Rulestead explainability is for support, operators, and incident response. The goal is not raw internal trace dumping. The goal is a bounded answer to "why did this subject get this result in this environment?"

Two Explain Paths

Use the path that matches where you are standing:

  • Rulestead.explain(flag_payload, context) when you already have the authored flag payload and want a pure, human-readable explanation
  • Rulestead.explain_flag(flag_key, environment_key, context, opts \\ []) when an operator needs the mounted admin-safe runtime seam for one live flag

The root explain/2 call stays payload-first. The admin-safe explain_flag/4 adds environment lookup, authorization, and redaction at the package boundary.

What A Good Explanation Tells You

A useful explanation answers:

  • which flag and environment were evaluated
  • whether a rule matched or the default applied
  • which rule matched
  • whether deterministic bucketing affected the outcome
  • what the final value or variant decision was

That is enough for support and operator workflows without exposing raw actor payloads.

Keep Context Bounded

Explain requests should carry only the bounded context fields the runtime uses:

context =
  Rulestead.Context.new(
    targeting_key: "user_123",
    environment: "prod",
    attributes: %{country: "US", plan: "pro"}
  )

Avoid passing whole application structs or raw user payloads. The explain path is designed around explicit context and redacted metadata.

Operator Workflow

From the mounted admin package, the stable explain route is:

  • /admin/flags/:key/simulate?env=:environment

Use it like this:

  1. choose the flag
  2. choose the environment through ?env=
  3. enter the bounded targeting context
  4. read the explanation and matched-rule outcome
  5. share the operator-facing URL or summarize the explanation in a ticket

The URL and environment convention are stable. Internal LiveView implementation details are not.

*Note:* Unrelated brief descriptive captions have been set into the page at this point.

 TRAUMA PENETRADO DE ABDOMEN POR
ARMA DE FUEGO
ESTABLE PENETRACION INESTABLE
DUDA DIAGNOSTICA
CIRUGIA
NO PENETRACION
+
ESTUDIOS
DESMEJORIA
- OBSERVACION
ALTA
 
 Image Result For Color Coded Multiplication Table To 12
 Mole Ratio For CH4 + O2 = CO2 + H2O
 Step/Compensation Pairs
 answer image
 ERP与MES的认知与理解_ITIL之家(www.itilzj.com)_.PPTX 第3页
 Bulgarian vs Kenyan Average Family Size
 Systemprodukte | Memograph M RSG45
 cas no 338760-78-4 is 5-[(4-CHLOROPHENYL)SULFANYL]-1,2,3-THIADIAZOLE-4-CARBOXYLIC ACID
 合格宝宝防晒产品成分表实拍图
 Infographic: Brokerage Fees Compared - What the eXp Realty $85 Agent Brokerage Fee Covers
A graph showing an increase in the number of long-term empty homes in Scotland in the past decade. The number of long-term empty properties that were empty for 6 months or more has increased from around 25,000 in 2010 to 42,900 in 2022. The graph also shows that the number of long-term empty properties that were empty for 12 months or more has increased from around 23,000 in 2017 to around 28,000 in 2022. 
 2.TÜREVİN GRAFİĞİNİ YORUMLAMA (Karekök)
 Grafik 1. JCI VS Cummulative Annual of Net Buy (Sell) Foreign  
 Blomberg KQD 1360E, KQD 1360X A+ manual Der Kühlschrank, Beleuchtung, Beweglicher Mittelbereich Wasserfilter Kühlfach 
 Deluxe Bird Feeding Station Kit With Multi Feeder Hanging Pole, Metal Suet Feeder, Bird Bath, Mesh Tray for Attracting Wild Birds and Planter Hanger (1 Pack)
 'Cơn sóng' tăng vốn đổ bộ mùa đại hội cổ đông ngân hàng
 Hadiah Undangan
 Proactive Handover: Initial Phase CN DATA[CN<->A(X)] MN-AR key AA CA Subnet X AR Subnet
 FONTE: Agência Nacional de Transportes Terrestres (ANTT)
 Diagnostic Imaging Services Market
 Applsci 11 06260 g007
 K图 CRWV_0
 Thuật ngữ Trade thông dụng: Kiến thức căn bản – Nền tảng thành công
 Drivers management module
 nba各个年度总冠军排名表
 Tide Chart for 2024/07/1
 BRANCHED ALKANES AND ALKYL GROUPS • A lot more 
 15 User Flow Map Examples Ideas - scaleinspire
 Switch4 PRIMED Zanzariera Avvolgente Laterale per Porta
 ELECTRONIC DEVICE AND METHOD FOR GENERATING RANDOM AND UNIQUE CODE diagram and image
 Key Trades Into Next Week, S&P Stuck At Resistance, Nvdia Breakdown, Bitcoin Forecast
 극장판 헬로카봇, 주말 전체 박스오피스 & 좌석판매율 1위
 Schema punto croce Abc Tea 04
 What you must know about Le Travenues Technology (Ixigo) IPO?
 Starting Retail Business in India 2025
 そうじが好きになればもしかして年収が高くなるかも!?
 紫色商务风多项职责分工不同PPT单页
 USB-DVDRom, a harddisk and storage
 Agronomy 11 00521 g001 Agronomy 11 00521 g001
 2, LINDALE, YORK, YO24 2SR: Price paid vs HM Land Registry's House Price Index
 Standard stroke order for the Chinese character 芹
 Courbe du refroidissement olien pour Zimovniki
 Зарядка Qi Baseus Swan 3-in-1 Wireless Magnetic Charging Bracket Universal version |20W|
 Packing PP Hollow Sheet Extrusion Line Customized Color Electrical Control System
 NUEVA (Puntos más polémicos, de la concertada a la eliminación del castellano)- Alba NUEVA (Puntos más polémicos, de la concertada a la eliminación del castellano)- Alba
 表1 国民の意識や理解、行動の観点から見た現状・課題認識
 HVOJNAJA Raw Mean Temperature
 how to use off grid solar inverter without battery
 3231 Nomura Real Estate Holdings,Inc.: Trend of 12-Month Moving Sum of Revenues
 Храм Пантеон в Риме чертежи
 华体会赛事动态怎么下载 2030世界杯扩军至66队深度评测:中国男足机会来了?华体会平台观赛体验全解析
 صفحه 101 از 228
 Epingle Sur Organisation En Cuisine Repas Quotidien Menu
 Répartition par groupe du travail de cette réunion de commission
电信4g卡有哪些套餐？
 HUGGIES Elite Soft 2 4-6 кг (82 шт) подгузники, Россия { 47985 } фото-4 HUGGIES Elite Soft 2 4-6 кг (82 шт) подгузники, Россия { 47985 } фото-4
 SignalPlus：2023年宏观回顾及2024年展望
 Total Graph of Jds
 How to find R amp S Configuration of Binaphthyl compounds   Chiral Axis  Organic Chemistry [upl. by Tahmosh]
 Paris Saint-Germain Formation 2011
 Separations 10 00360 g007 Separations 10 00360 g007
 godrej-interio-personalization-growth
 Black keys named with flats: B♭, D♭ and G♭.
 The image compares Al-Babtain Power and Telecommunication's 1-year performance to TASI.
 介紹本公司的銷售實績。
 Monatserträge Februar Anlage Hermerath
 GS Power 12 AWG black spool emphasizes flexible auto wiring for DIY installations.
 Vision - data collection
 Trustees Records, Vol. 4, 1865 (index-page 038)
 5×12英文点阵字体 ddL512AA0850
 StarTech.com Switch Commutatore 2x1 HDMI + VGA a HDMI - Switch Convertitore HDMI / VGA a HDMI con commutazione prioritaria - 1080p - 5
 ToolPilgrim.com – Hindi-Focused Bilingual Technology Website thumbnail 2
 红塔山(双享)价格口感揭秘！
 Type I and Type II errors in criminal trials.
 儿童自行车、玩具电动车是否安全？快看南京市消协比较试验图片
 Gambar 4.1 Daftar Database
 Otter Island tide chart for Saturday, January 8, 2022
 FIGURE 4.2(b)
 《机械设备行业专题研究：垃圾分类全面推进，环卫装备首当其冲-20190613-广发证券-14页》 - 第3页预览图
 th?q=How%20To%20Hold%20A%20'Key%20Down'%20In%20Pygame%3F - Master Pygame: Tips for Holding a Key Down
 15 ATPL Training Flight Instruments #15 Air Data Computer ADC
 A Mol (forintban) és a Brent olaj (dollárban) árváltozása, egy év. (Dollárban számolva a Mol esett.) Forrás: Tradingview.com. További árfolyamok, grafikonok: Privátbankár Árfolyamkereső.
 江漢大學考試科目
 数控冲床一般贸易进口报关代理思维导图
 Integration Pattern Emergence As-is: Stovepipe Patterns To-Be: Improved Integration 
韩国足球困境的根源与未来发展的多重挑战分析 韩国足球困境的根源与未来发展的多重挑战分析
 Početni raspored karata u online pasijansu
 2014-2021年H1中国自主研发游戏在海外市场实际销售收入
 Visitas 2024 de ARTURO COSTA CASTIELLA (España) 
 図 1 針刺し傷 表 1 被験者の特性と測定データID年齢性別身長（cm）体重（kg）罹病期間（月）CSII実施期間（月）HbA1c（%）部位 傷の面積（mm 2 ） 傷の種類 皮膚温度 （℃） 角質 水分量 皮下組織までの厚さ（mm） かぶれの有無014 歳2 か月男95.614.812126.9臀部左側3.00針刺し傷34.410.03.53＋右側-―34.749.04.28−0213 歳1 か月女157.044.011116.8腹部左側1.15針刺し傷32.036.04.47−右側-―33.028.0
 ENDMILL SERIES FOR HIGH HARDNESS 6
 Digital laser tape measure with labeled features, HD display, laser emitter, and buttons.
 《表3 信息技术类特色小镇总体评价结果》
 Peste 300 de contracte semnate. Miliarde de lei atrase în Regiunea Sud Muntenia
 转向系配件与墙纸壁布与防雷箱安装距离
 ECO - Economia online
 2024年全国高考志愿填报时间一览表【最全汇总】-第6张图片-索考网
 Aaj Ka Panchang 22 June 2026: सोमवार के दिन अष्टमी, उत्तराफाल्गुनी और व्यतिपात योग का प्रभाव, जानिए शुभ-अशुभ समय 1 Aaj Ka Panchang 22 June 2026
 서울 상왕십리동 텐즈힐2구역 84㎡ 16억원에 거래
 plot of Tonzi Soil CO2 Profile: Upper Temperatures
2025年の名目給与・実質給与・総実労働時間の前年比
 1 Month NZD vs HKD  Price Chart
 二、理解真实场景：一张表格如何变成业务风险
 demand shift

Lifecycle Evidence For Support And SRE

Support and SRE should not use explainability in isolation when lifecycle questions appear. Use three bounded surfaces together:

  • explain output for one decision path
  • lifecycle evidence from mounted review or mix rulestead.lifecycle
  • audit history for who changed what and why

That combination answers the real operator questions:

  • is the flag still expected to be active?
  • was it an archive candidate or blocked by missing evidence?
  • did a recent cleanup or owner handoff happen?
  • who changed the lifecycle posture?

This keeps lifecycle evidence, explain traces, and audit history aligned for support handoff without turning explainability into a second lifecycle system.

Redaction Rules

Explain and simulation workflows should stay redacted by default:

  • do not surface raw traits or PII unless the host explicitly allowlists a bounded key
  • prefer targeting_key and a small set of business-safe attributes
  • keep screenshots and support notes focused on the explanation, not the full input payload

The admin-safe explain seam returns redacted context metadata alongside the explanation so operators can confirm what was actually used without dumping the full trait bag.

Audience Trace In Explain Output

Explain and simulate output includes Audience trace steps for reusable targeting: matched, missed, missing from snapshot, and archived. Resolution is snapshot-local — no live database reads, mounted-admin lookups, host identity resolution, or observability queries during audience evaluation.

Support-safe explain permalinks include flag, environment, tenant, and targeting key only — never raw traits.

When audience questions exceed one explain call, escalate through explain + dependency inventory + audit history. Rulestead does not provide built-in observability dashboards or package-owned metrics for this path.

Simulation And Explain Belong Together

Simulation is the operator workflow for asking "what would happen for this context right now?" Explainability is the readable trace that answers it.

Use that pair when:

  • support needs to answer a customer report
  • an operator wants to verify a rollout step before publishing
  • on-call needs to understand whether a flag or rule caused an incident

Escalation Boundary

If an explanation is not enough, escalate to:

  • the timeline route for change history
  • lifecycle evidence from mix rulestead.lifecycle or the mounted queue
  • telemetry for aggregate runtime signals
  • the authored ruleset itself for exact rule order and conditions

Do not escalate by depending on RulesteadAdmin.Live.* internals. That would couple your workflow to implementation details the package does not stabilize.